■ **Entries provided**
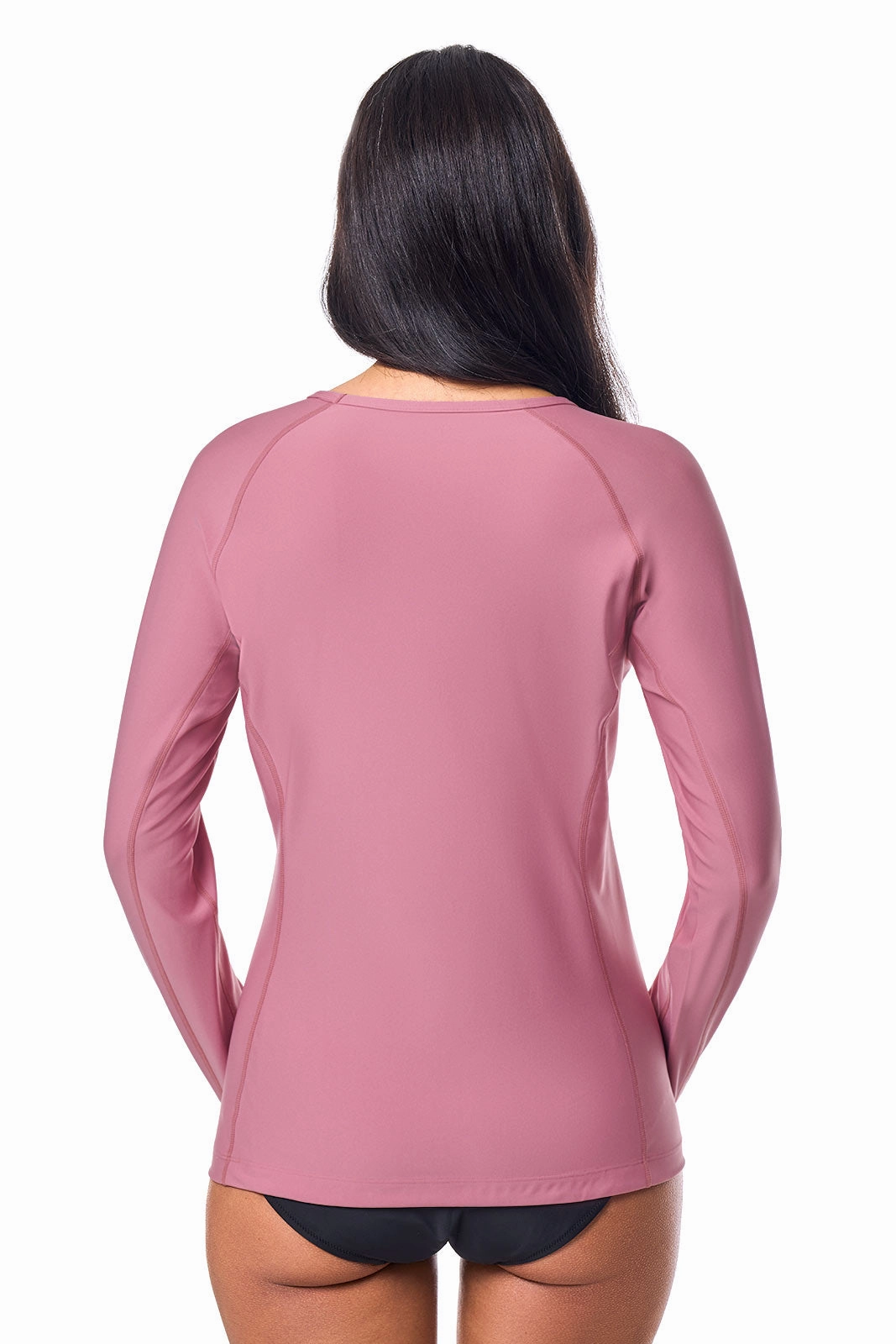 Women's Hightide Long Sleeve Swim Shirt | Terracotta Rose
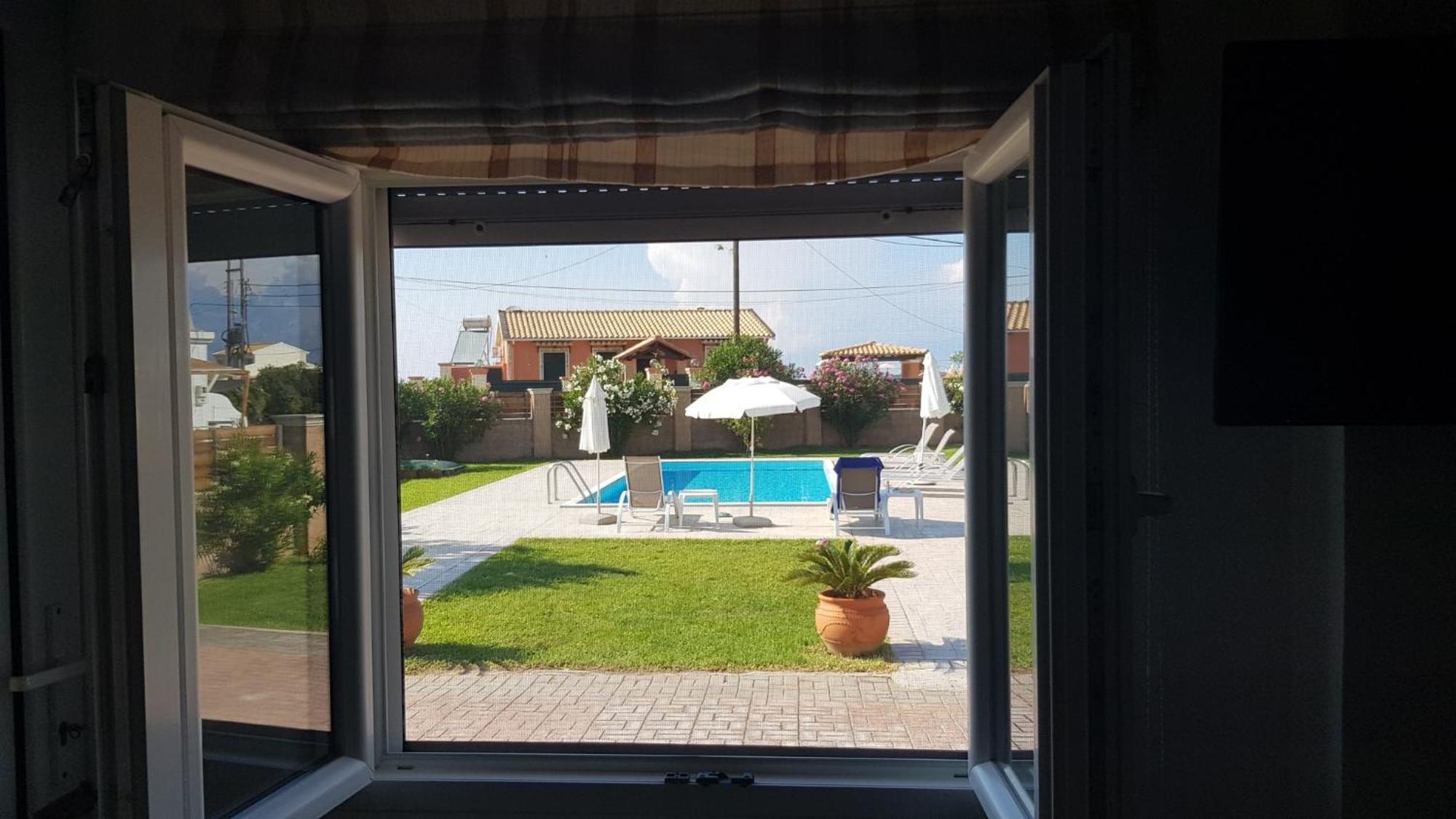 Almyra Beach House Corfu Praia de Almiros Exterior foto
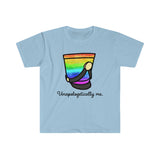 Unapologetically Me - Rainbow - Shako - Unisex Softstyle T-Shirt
--
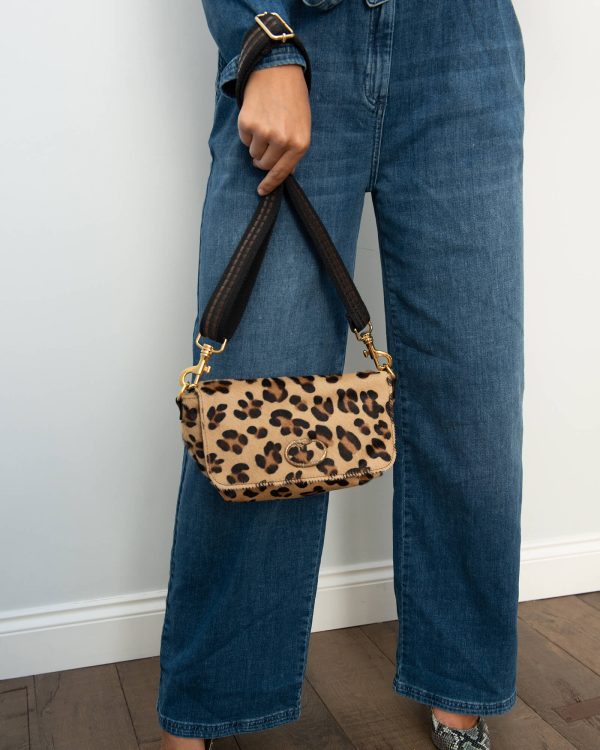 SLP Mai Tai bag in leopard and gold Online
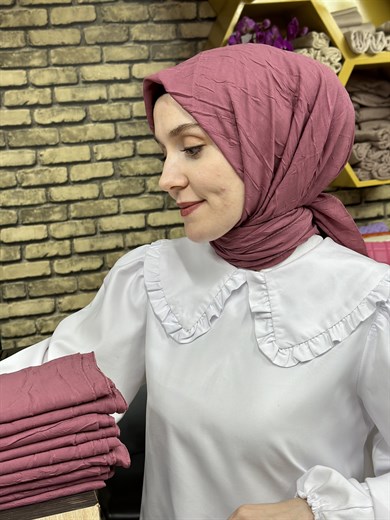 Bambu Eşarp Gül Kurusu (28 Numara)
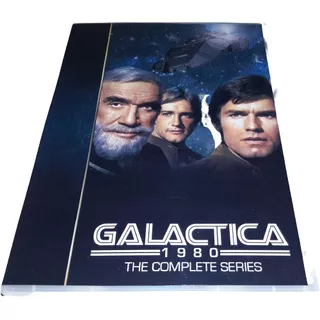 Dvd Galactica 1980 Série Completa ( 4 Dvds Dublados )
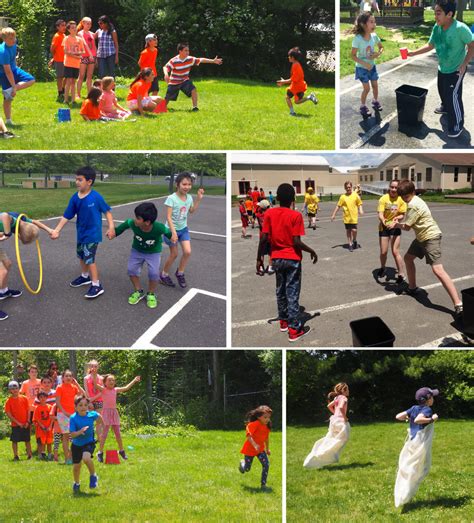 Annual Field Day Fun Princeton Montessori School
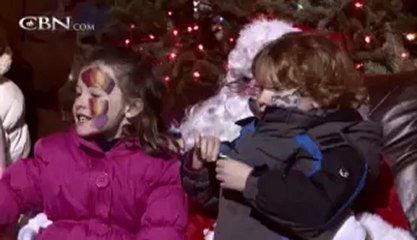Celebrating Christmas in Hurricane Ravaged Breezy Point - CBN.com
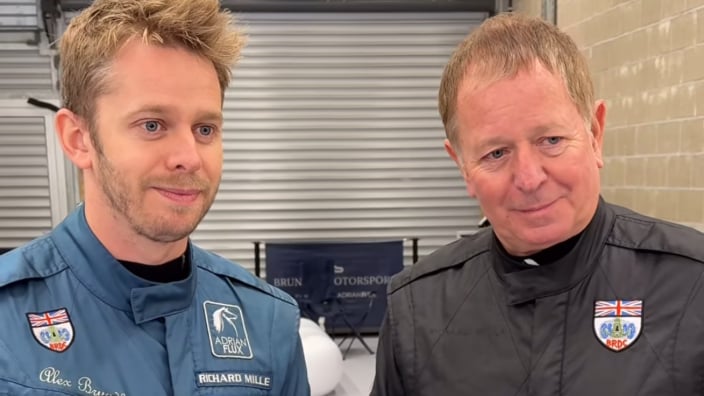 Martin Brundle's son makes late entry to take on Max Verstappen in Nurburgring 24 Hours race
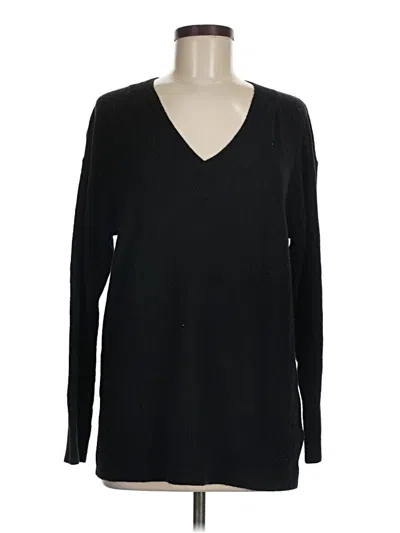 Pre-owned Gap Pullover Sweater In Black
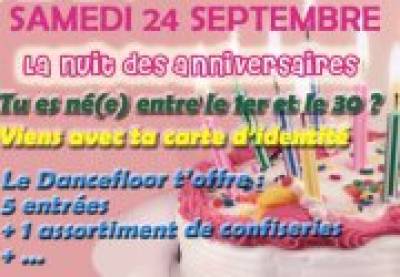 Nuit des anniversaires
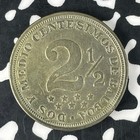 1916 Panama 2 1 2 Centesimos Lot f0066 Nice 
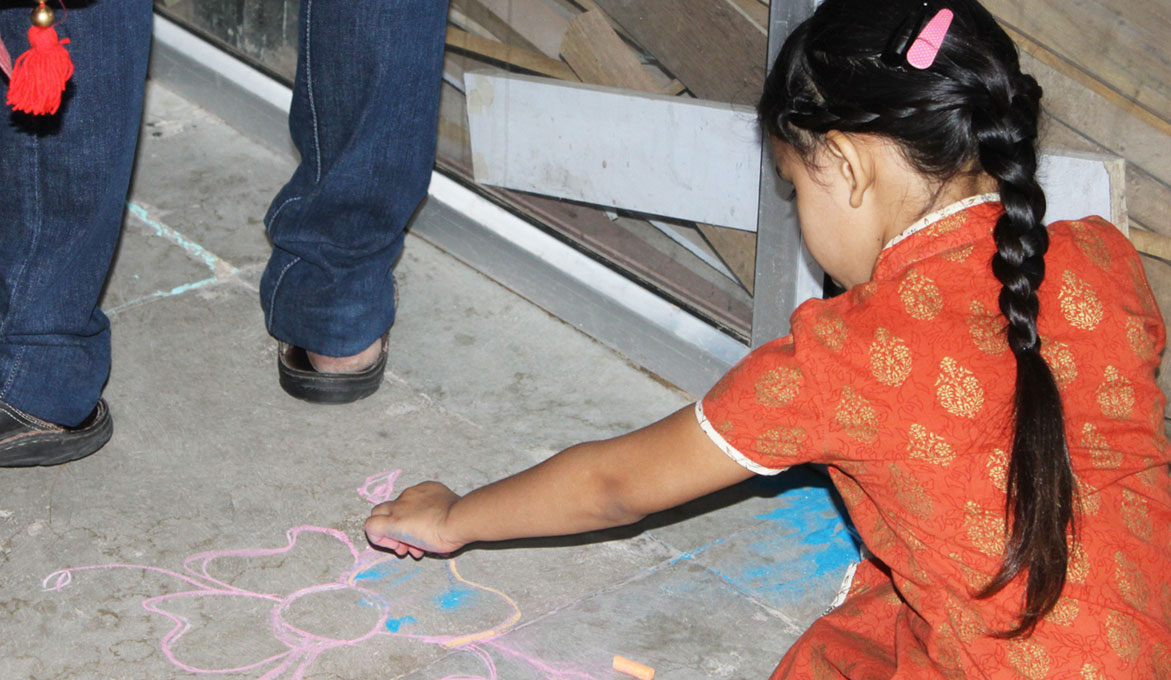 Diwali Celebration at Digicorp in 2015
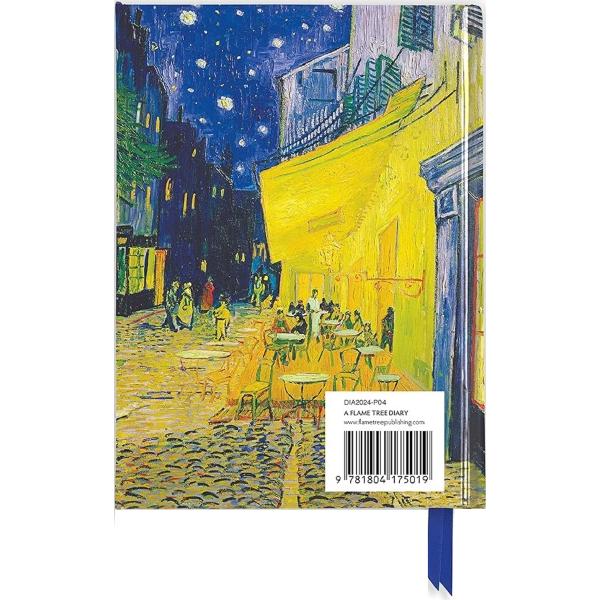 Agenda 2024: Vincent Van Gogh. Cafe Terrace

■ **What you are asked to do**
Using the data above, print only the lines starting at the one with "Women's Hightide Long" and ending at the one with "Unapologetically Me - Rainbow", exactly as they stand, minus the pictures.

■ **Task response**
 Women's Hightide Long Sleeve Swim Shirt | Terracotta Rose
 Almyra Beach House Corfu Praia de Almiros Exterior foto
 Unapologetically Me - Rainbow - Shako - Unisex Softstyle T-Shirt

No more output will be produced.